Former Scottish Socialist Party leader Tommy Sheridan faces being jailed at the High Court in Glasgow following his perjury conviction.
The 46-year-old ex-MSP was found guilty last month of lying under oath during his successful defamation action against the News of the World in 2006.
The jury's verdict came at the end of a high-profile 12-week trial, believed to be one of the longest perjury trials in Scottish legal history.
Sheridan will return to the court for sentencing and judge Lord Bracadale has already warned him he faces a jail term.
In a legal first, reporters will be allowed to publish live details straight from the courtroom using the social network Twitter. The move, the first time that journalists will be able to use the technology in a Scottish court follows an application from STV News. STV will also be providing live coverage throughout the morning online from outside court.
The hearing on Wednesday is the latest chapter in a six-year drama which began when the Sunday tabloid printed allegations about Sheridan's private life, including that he visited a swingers' club and cheated on his wife.

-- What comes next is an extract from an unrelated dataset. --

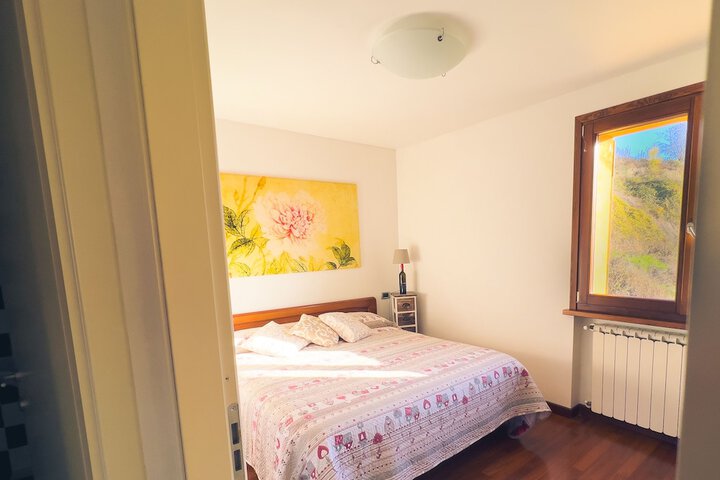 Room 4 of 38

He was awarded £200,000 in damages after winning his defamation case against the newspaper at the Court of Session in Edinburgh, but he ended up in the dock facing a trial for perjury. Sheridan insisted he was innocent, claiming he was the victim of a "vendetta" by the police and a "conspiracy" involving the News of the World and colleagues within the Scottish Socialist Party (SSP), who he said made claims against him as part of a "political civil war".
He claimed that 16 former allies in the SSP were lying when they told the court that he had admitted at a 2004 meeting to having been to Cupid's swingers' club in Manchester.

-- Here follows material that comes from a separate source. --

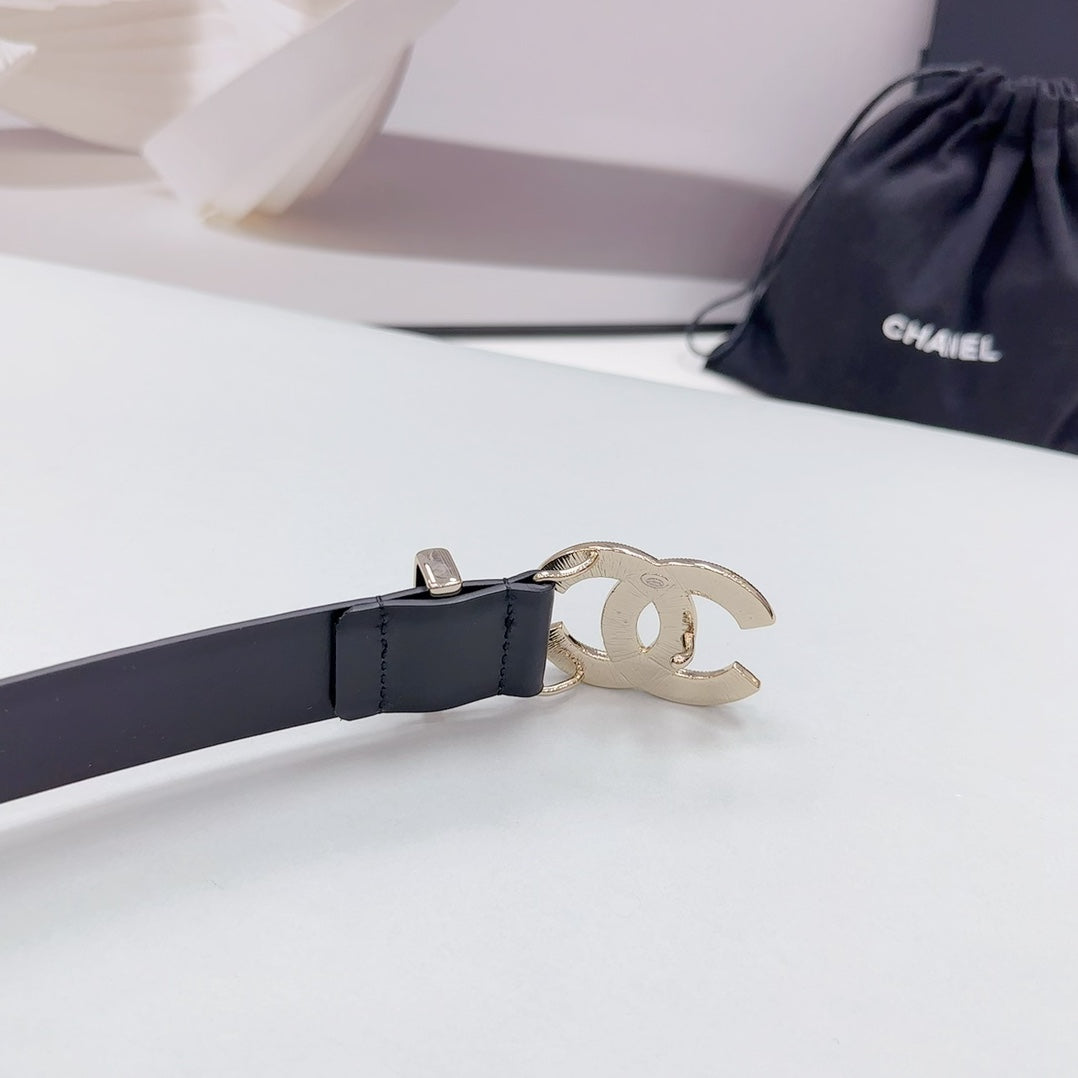 CC 30MM BELT IN BLACK SMOOTH CALFSKIN METAL LOGO - 30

Presenting his own defence, Sheridan also called Andy Coulson, a former News of the World editor and Prime Minister David Cameron's former communications chief, to give evidence.
But the High Court jury ultimately convicted him of five of six allegations in a single charge of perjury against him, relating to his evidence during the civil case. In doing so, they found that he was guilty of lying about an affair and a trip to a sex club.

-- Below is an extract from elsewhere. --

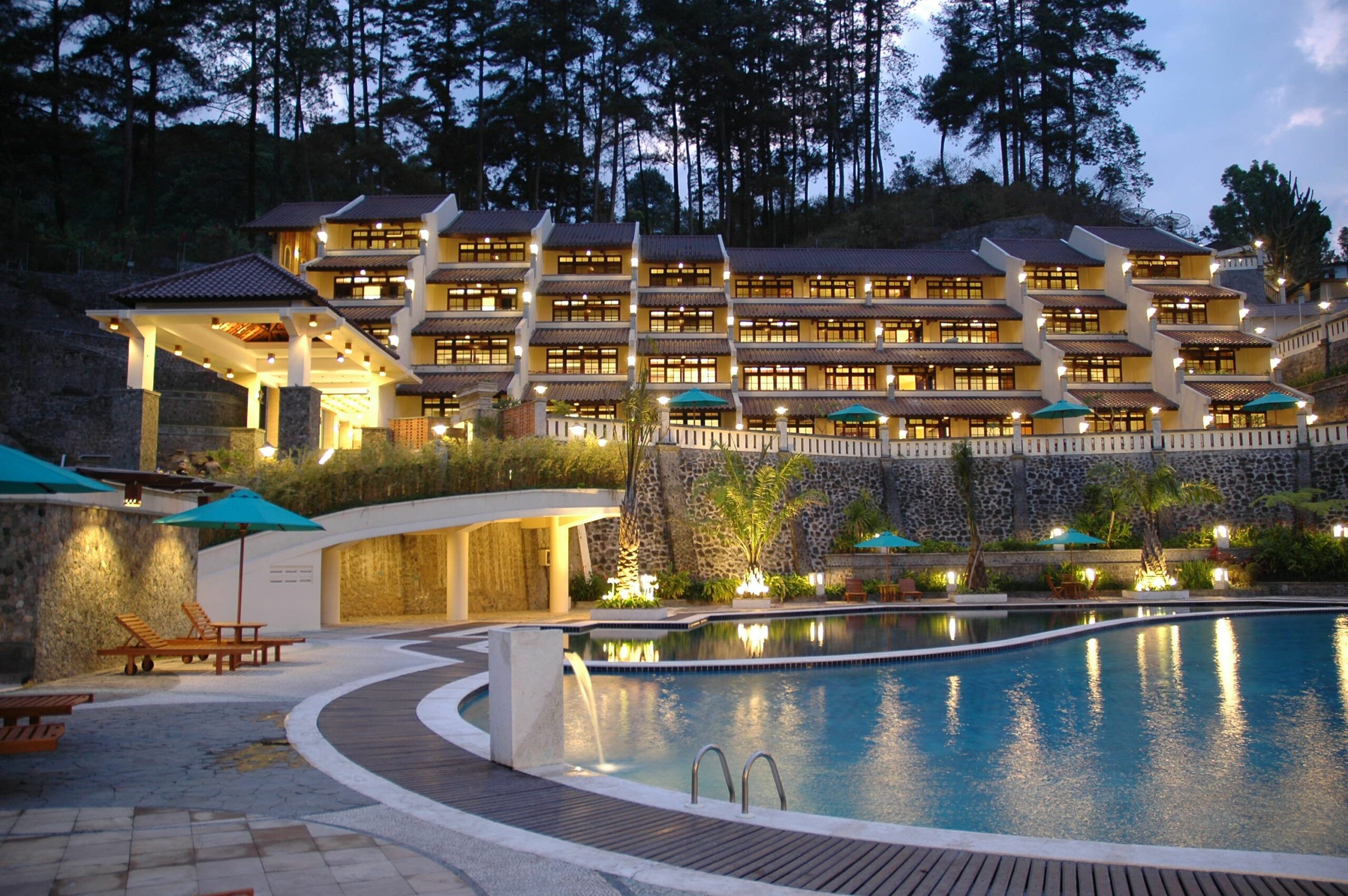 jumlah hotel terbanyak di indonesia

Following the verdict, Sheridan's wife Gail, who went on trial accused of perjury but was acquitted of the charge, vowed to stand by her husband.
Sheridan, who stepped down as convener of the SSP in November 2004 and established a new group, Solidarity, remained defiant following his conviction.
In a statement read by his solicitor Aamer Anwar outside court, he said: "I have fought the power of News International all my political life and I make no apologies for taking on the might of Rupert Murdoch."
The News of the World said it was pleased justice had been done.
Following the verdict, Sheridan's former SSP allies said: "By his actions over six years, Tommy Sheridan has disgraced himself and negated his political contribution to the socialist cause over 25 years.
"History will now record that he did more harm to the socialist cause in Scotland than any good he ever did it."